Leave out all pictures. Extract exactly the lines from the one containing "Hombre caucásico en" through the end of the data.

### DATA UNDER STUDY

------------------------------------------------

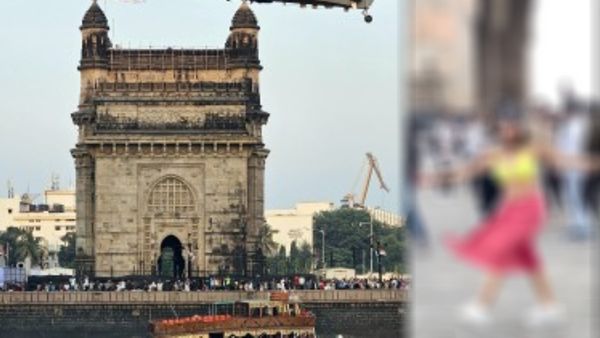 Mumbai Viral Video: Woman In Bra And Towel Dances At Gateway Of India, Netizens React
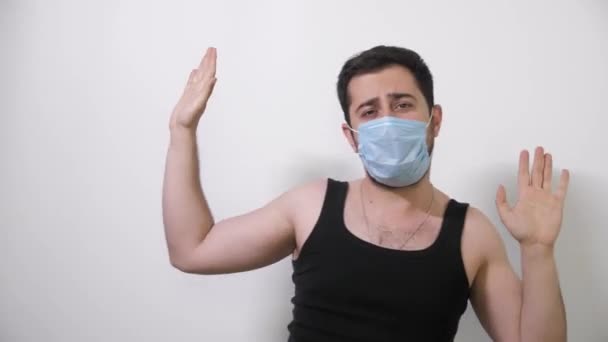 Hombre caucásico en una máscara médica bailando fanny dance fondo blanco Covid19 Coronavirus — Vídeos de Stock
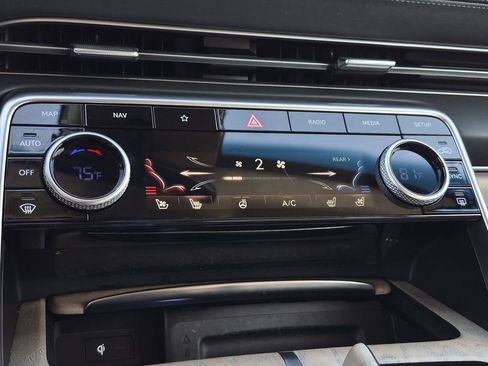 Used 2024 Genesis GV80 3.5T w/ Prestige Package image 32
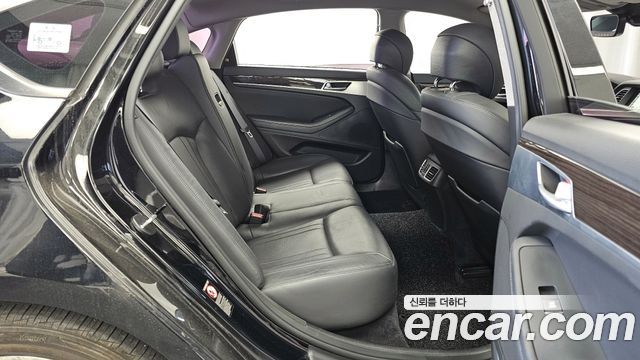 Genesis G80 2017 — photo 12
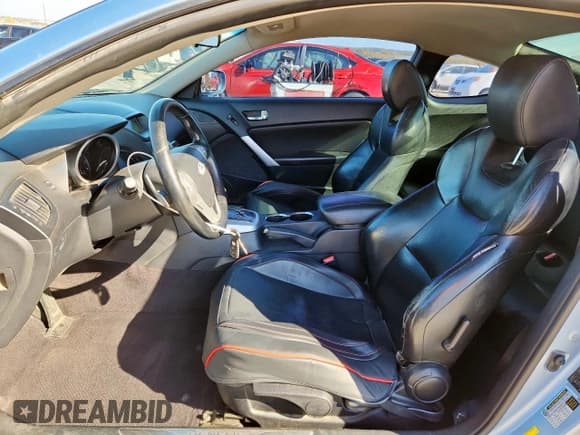 ✅ 2010 Hyundai Genesis Coupe Track • VIN: KMHHU6KHXAU012840 • Lot: 92230285. Listed on Copart with 218,466 mi. Free auction sales archive from the USA and detailed vehicle history report at DreamBid. Image 7.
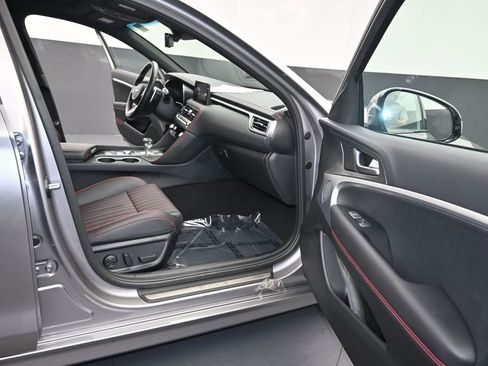 Used 2024 Genesis G70 2.5T w/ Sport Prestige Package image 12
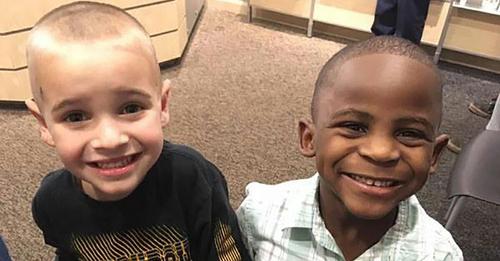 Die Freundschaft dieser beiden 5 jährigen Jungen rührt zu Tränen und geht viral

------------------------------------------------

### RESULT OF THE EXERCISE
 Hombre caucásico en una máscara médica bailando fanny dance fondo blanco Covid19 Coronavirus — Vídeos de Stock
 Used 2024 Genesis GV80 3.5T w/ Prestige Package image 32
 Genesis G80 2017 — photo 12
 ✅ 2010 Hyundai Genesis Coupe Track • VIN: KMHHU6KHXAU012840 • Lot: 92230285. Listed on Copart with 218,466 mi. Free auction sales archive from the USA and detailed vehicle history report at DreamBid. Image 7.
 Used 2024 Genesis G70 2.5T w/ Sport Prestige Package image 12
 Die Freundschaft dieser beiden 5 jährigen Jungen rührt zu Tränen und geht viral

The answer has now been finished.